* WORK INSTRUCTIONS *
The lines to reproduce from the material below are those from the one containing "16cm empire gathered" through the one containing "Premium Tissue Multicolor", both included; write them out exactly and add nothing.

---- INPUT RECORDS

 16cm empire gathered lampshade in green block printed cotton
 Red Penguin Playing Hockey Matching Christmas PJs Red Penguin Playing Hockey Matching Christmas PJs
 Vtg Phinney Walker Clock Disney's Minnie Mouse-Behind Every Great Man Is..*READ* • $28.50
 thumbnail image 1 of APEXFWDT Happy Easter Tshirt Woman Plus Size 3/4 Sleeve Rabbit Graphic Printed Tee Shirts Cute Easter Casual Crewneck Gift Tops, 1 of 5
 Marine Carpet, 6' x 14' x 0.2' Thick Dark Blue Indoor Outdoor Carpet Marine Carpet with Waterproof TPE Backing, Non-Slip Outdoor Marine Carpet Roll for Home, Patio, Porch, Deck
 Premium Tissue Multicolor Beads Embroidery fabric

--------
---- INPUT RECORDS

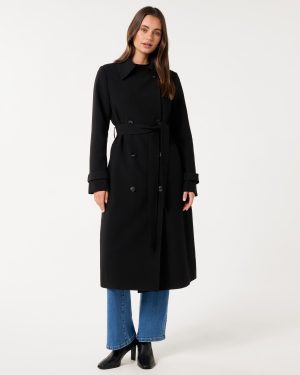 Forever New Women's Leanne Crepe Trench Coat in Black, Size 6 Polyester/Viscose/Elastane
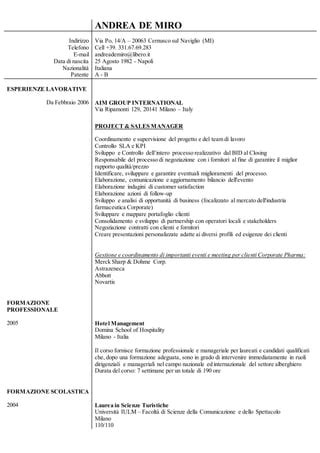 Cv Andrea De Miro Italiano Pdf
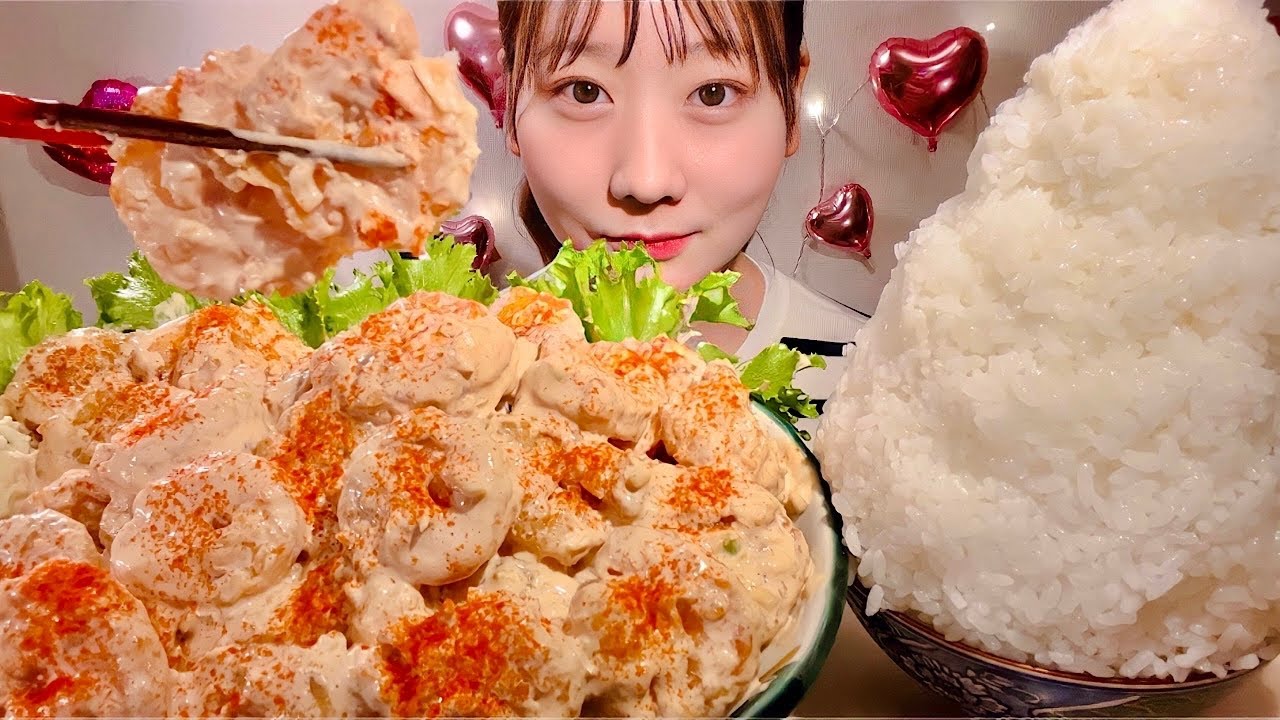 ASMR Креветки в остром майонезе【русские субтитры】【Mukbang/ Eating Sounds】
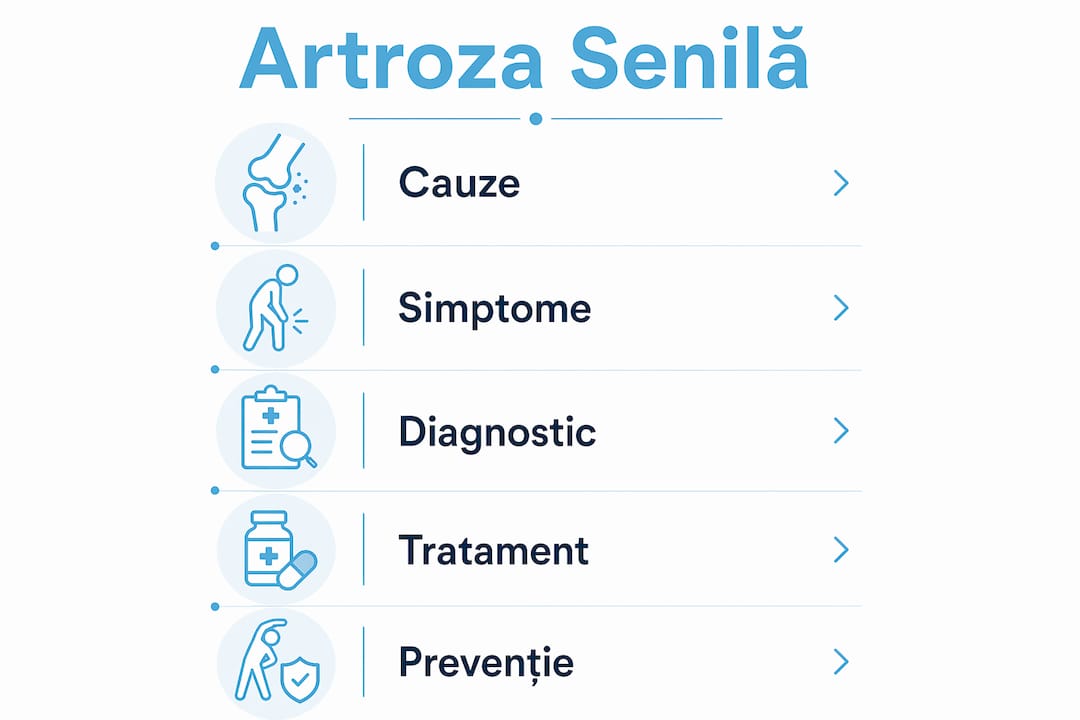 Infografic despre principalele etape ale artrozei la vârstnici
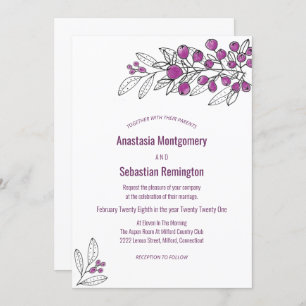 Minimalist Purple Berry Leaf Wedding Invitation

--------
---- INPUT RECORDS

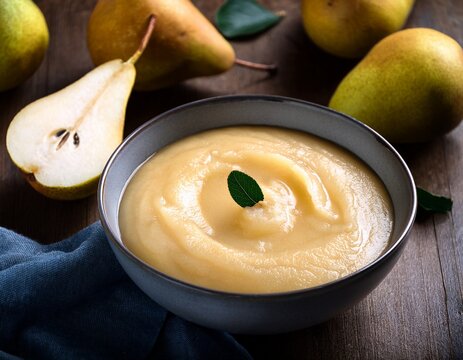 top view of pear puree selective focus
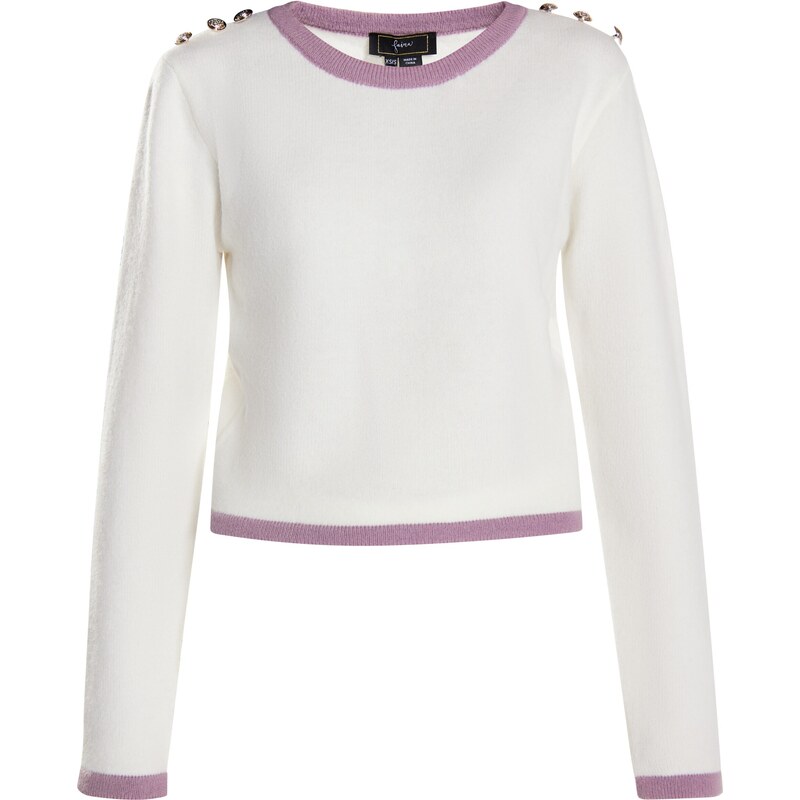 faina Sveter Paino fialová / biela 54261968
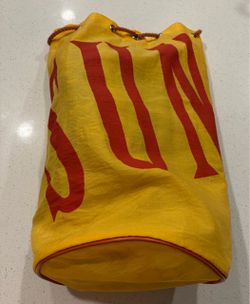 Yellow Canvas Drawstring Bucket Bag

--------

* RESULT OF THIS TASK *
 16cm empire gathered lampshade in green block printed cotton
 Red Penguin Playing Hockey Matching Christmas PJs Red Penguin Playing Hockey Matching Christmas PJs
 Vtg Phinney Walker Clock Disney's Minnie Mouse-Behind Every Great Man Is..*READ* • $28.50
 thumbnail image 1 of APEXFWDT Happy Easter Tshirt Woman Plus Size 3/4 Sleeve Rabbit Graphic Printed Tee Shirts Cute Easter Casual Crewneck Gift Tops, 1 of 5
 Marine Carpet, 6' x 14' x 0.2' Thick Dark Blue Indoor Outdoor Carpet Marine Carpet with Waterproof TPE Backing, Non-Slip Outdoor Marine Carpet Roll for Home, Patio, Porch, Deck
 Premium Tissue Multicolor Beads Embroidery fabric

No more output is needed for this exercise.